When Mr Tarhan appeared before a military court on 9 June, the judge released him – a great victory for him and the international solidarity movement that is supporting him.

But the military authorities immediately detained him again, in open violation of international law. They sent him back to Sivas military prison. He now faces another trial on 12 July.

International support is urgently needed now, to insist that all the charges against Mr Tarhan be dropped and that he be released immediately from jail.

Mr Tarhan went on a 28-day hunger-strike in protest against his treatment in prison, and on 21 June won his demands: a cell of his own to protect him from abuse by other prisoners, to receive his mail regularly, access to books, to make his own tea, a TV, and an examination by civilian physicians who visited him and declared him in good health. The necessary treatment following his hunger strike has now begun.1

So far there have been protest letters to the Turkish authorities from Peter Tatchell of the gay rights group OutRage!, and from groups in Argentina, Germany, Ireland, Italy, Poland and US.

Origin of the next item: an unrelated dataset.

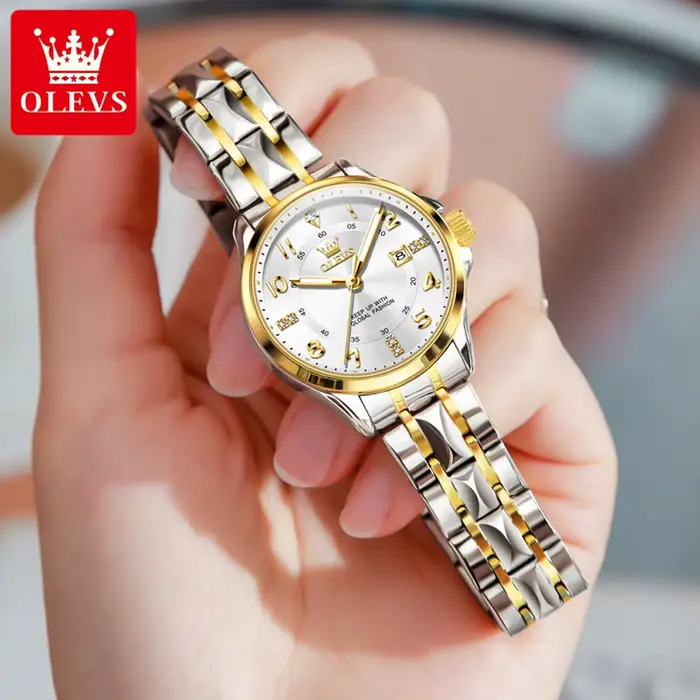 OLEVS montres pour dames élégantes tendance de la mode 30 m montre à quartz étanche pour femmes calendrier marque lumineuse véritable montre-bracelet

Stephen Funk, a gay man who was the first US soldier to publicly refuse to serve in Iraq, wrote to the Turkish government ( http://www.refusingtokill.net/Turkey/MehmetFunkLetter.htm ).

There have been demonstrations in Frankfurt and Athens.

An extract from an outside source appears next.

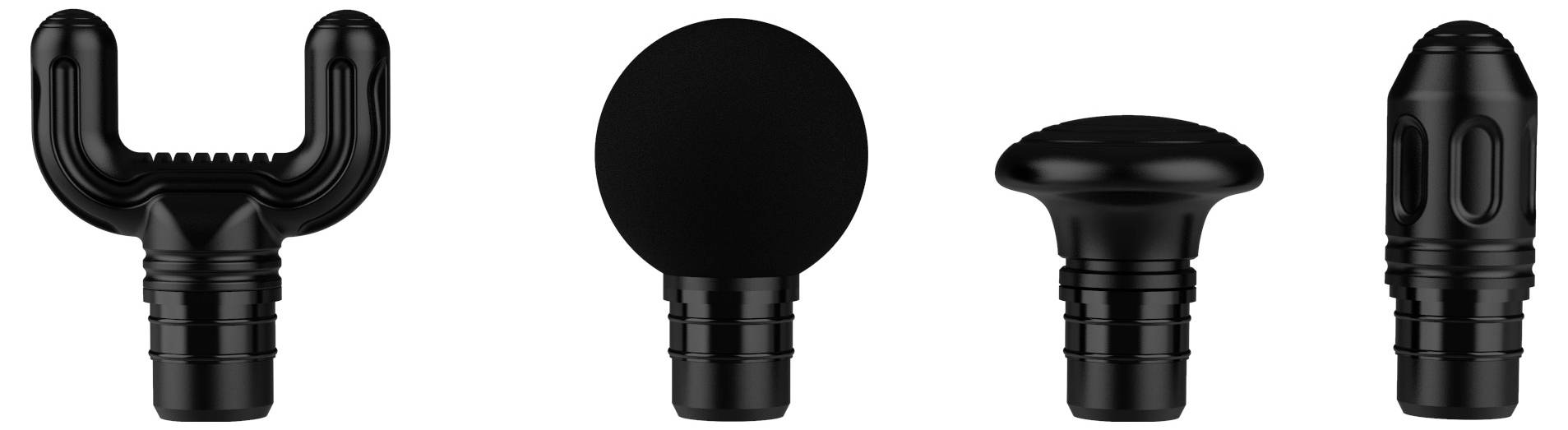 Four black massage attachments in different shapes: fork, ball, flat disc, and pointed tip.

Many organizations have lobbied Members of the European Parliament (MEPs), and many MEPs have declared their support, including UK Green MEP, Caroline Lucas.

Given the negotiations for Turkey’s entry into the European Union, MEPs’ intervention is proving crucial in securing Mr Tarhan’s safety.

In Turkey there have been marches for Mr Tarhan on Harbiye military and Incirlik air bases; banners, flyers and chanting at May day rallies in Istanbul, Ankara, Izmir, Antalya and Malatya; readings from his prison letter at the Izmir anti-militarism festival; letter writing campaigns; press conferences/demonstrations; and support in the court itself. Many organizations are involved: antimilitarists, lesbian & gay, women’s and human rights groups, anarchists.

Mr Tarhan is one of an immense, hidden number of draft evaders – around 350,000 – many also refusing to serve in Turkey’s dirty war against the Kurdish people.

Footnotes:

1 War Resisters International, CO-alert, 22 June 2005
2 Quaker Council for European Affairs: The Right to Conscientious
Objection in Europe: A Review of the Current Situation, 2005.